The evil-looking mess on line 5 is just an if statement. As with
most programming languages, the code within the braces (on lines
6-9) will be executed if the expression that follows the if is
true. But what is the expression between the parentheses?
Those readers familiar with Unix tools such as grep and sed
will peg this immediately as a regular
expression: a cryptic
but useful way to represent a pattern to be matched in the input text.
Regular expressions are usually found between delimiting slashes
(/…/).
This particular regular expression matches lines of
the form:
mdw ttypf loomer.vpizza.co Sun Jan 16 15:30 - 15:54 (00:23)
As an example, referencing the variable
$hours{'mdw'} returns the total number of hours
that the user mdw was logged in.
Similarly, if the username mdw is stored in the variable $1,
referencing $hours{$1} produces the same effect.
In lines 6-9, we increment the values of these arrays according to the
data on the present line of input.

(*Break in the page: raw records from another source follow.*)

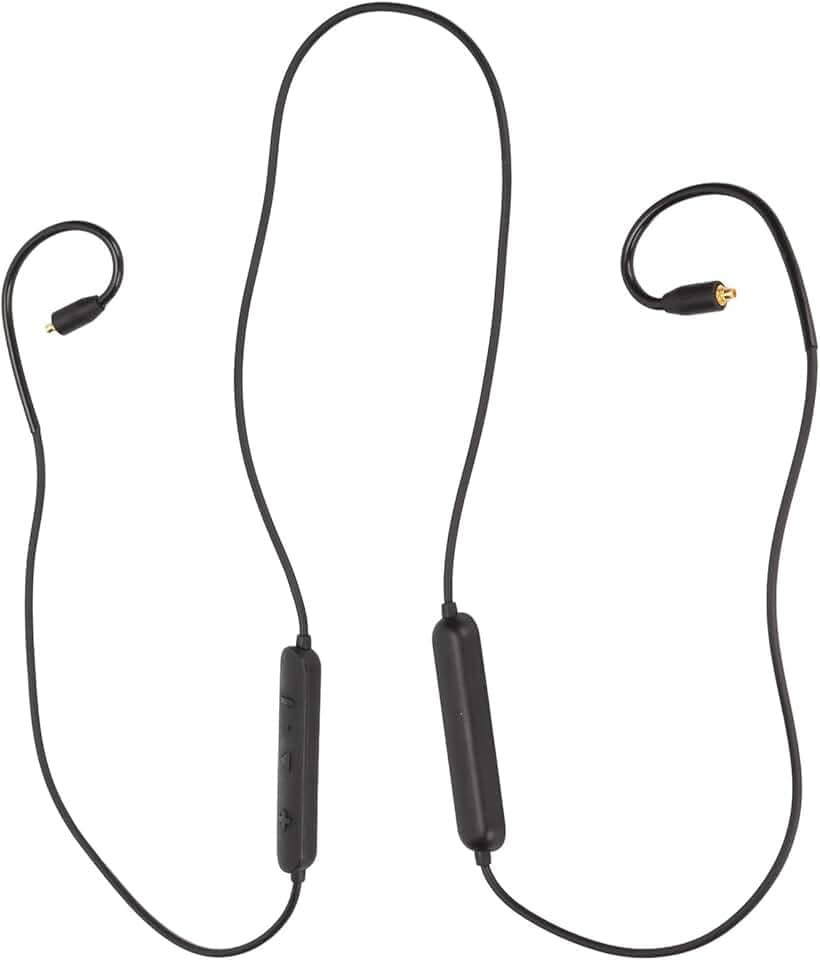 Cabo Adaptador Sem Fio Bluetooth MMCX para Se215 Se315 Se425 Se535 Se846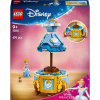 LEG LEGO DISNEY PRINCESS Popoluškine šaty 43266 STAVEBNICE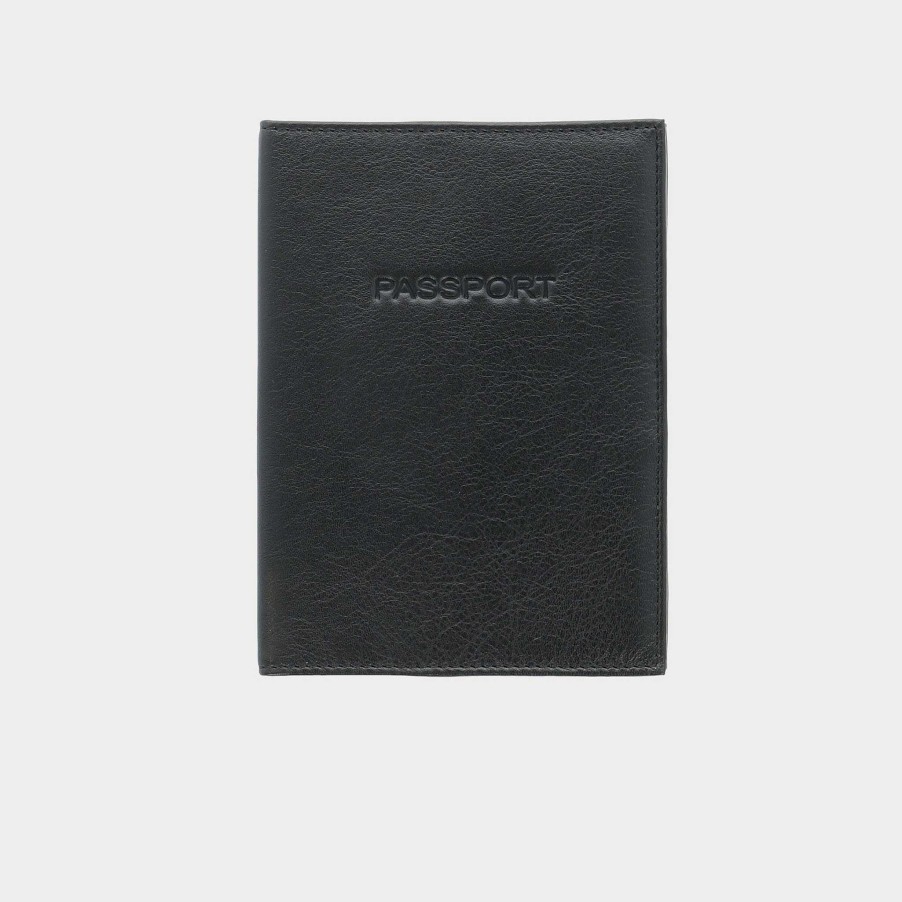 Men'S PICARD Men'S Travel Accessories | Passport Cover Passport 8894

For example, given the input line:
jem ttyq2 mallard.vpizza.c Sun Jan 16 13:55 - 13:59 (00:03)
Line 7 increments the value of the hours array, indexed with
$1 (the username, jem
), by the number of hours that
jem was logged in (stored in the variable $2). The
Perl increment operator += is equivalent to the corresponding
C operator. Line 8 increments the value of minutes for the
appropriate user similarly. Line 9 increments the value of the logins
array by one, using the ++ operator.
Associative arrays are one of the most useful features of Perl. They
allow you to build up complex databases while parsing text. It would
be nearly impossible to use a standard array for this same task. We
would first have to count the number of users in the input stream
and then allocate an array of the appropriate size, assigning a position
in the array to each user (through the use of a hash function or some
other indexing scheme). An associative array, however, allows you to
index data directly using strings and without regard for the size of
the array in question. (Of course, performance issues always arise when
attempting to use large arrays, but for most applications this isn't
a problem.)
Let's move on. Line 14 uses the Perl foreach statement, which
you may be used to if you write shell scripts. (The foreach
loop actually breaks down into a for loop, much like that
found in C.) Here, in each iteration of the loop, the variable
$user is assigned the next value in the list given by the
expression sort(keys %hours). %hours simply
refers to the entire associative array hours that we
have constructed. The function keys returns a list of all
the keys used to index the array, which is in this case a list
of usernames. Finally, the sort function sorts the list returned
by keys. Therefore, we are looping over a sorted list of usernames,
assigning each username in turn to the variable $user.
Lines 16 and 17 simply correct for situations where the number of
minutes is greater than 60; it determines the total number of hours
contained in the minutes entry for this user and increments
hours accordingly. The int
function returns the integral
portion of its argument. (Yes, Perl handles floating-point numbers
as well; that's why use of int is necessary.)
Finally, lines 19-22 print the total login time and number of logins for
each user. The simple print function just prints its arguments,
like the awk function of the same name. Note that variable
evaluation can be done within a print statement, as on lines 19 and 22.
However, if you want to do some fancy text formatting, you need
to use the printf function (which is just like its C equivalent).
In this case, we wish to set the minimum output length of the
hours and minutes values for this user to 2 characters
wide, and to left-pad the output with zeroes. To do this, we use the
printf command on line 21.
If this script is saved in the file logintime, we can execute
it as follows:
papaya$ last | logintime
User johnsonm, total login time 01:07, total logins 11.
User kibo, total login time 00:42, total logins 3.
User linus, total login time 98:50, total logins 208.
User mdw, total login time 153:03, total logins 290.
papaya$
Of course, this example doesn't serve well as a Perl tutorial, but it should
give you some idea of what it can do. We encourage you to read one of
the excellent Perl books out there to learn more.